= Rossby-gravity waves =

Equatorially trapped waves that carry energy eastwards

Rossby-gravity waves are equatorially trapped waves (much like Kelvin waves), meaning that they rapidly decay as their distance increases away from the equator (so long as the Brunt–Vaisala frequency does not remain constant). These waves have the same trapping scale as Kelvin waves, more commonly known as the equatorial Rossby deformation radius. They always carry energy eastward, but their 'crests' and 'troughs' may propagate westward if their periods are long enough.

==Derivation==

The eastward speed of propagation of these waves can be derived for an inviscid slowly moving layer of fluid of uniform depth H. Because the Coriolis parameter (f = 2Ω sin(θ) where Ω is the angular velocity of the earth, 7.2921 × 10^{−5} rad/s, and θ is latitude) vanishes at 0 degrees latitude (equator), the “equatorial beta plane” approximation must be made.
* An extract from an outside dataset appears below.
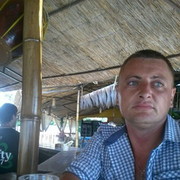  ,   , 41 ,   
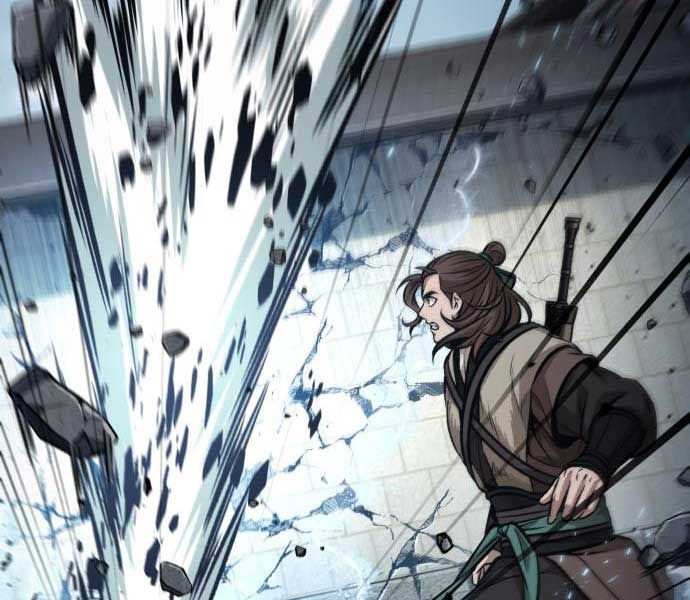 đọc truyện Ngã Lão Ma Thần Chương 174 ảnh 169 tại Thiên Thai Truyện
This approximation states that f is approximately equal to βy, where y is the distance from the equator and β is the variation of the Coriolis parameter with latitude, $\frac{\partial f}{\partial y} = \beta$. With the inclusion of this approximation, the primitive equations become (neglecting friction):
- the continuity equation (accounting for the effects of horizontal convergence and divergence and written with geopotential height): $$\frac{\partial \phi}{\partial t} + c^2 \left ( \frac{\partial v}{\partial y} + \frac{\partial u}{\partial x} \right ) = 0$$
- the U-momentum equation (zonal wind component): $$\frac{\partial u}{\partial t} - v \beta y = -\frac{\partial \phi}{\partial x}$$
- the V-momentum equation (meridional wind component): $$\frac{\partial v}{\partial t} + u \beta y = -\frac{\partial \phi}{\partial y}$$

These three equations can be separated and solved using solutions in the form of zonally propagating waves, which are analogous to exponential solutions with a dependence on x and t and the inclusion of structure functions that vary in the y-direction:

$$\begin{Bmatrix}u, v, \phi \end{Bmatrix} = \begin{Bmatrix}\hat u(y), \hat v(y), \hat \phi(y) \end{Bmatrix} e^{i(k x - \omega t)}$$

Once the frequency relation is formulated in terms of ω, the angular frequency, the problem can be solved with three distinct solutions. These three solutions correspond to the equatorially trapped gravity wave, the equatorially trapped Rossby wave and the mixed Rossby-gravity wave (which has some of the characteristics of the former two) . Equatorial gravity waves can be either westward- or eastward-propagating, and correspond to n=1 (same as for the equatorially trapped Rossby wave) on a dispersion relation diagram ("w-k" diagram). At n = 0 on a dispersion relation diagram, the mixed Rossby-gravity waves can be found where for large, positive zonal wave numbers (+k), the solution behaves like a gravity wave; but for large, negative zonal wave numbers (−k), the solution appears to be a Rossby wave (hence the term Rossby-gravity waves). As mentioned earlier, the group velocity (or energy packet/dispersion) is always directed toward the east with a maximum for short waves (gravity waves).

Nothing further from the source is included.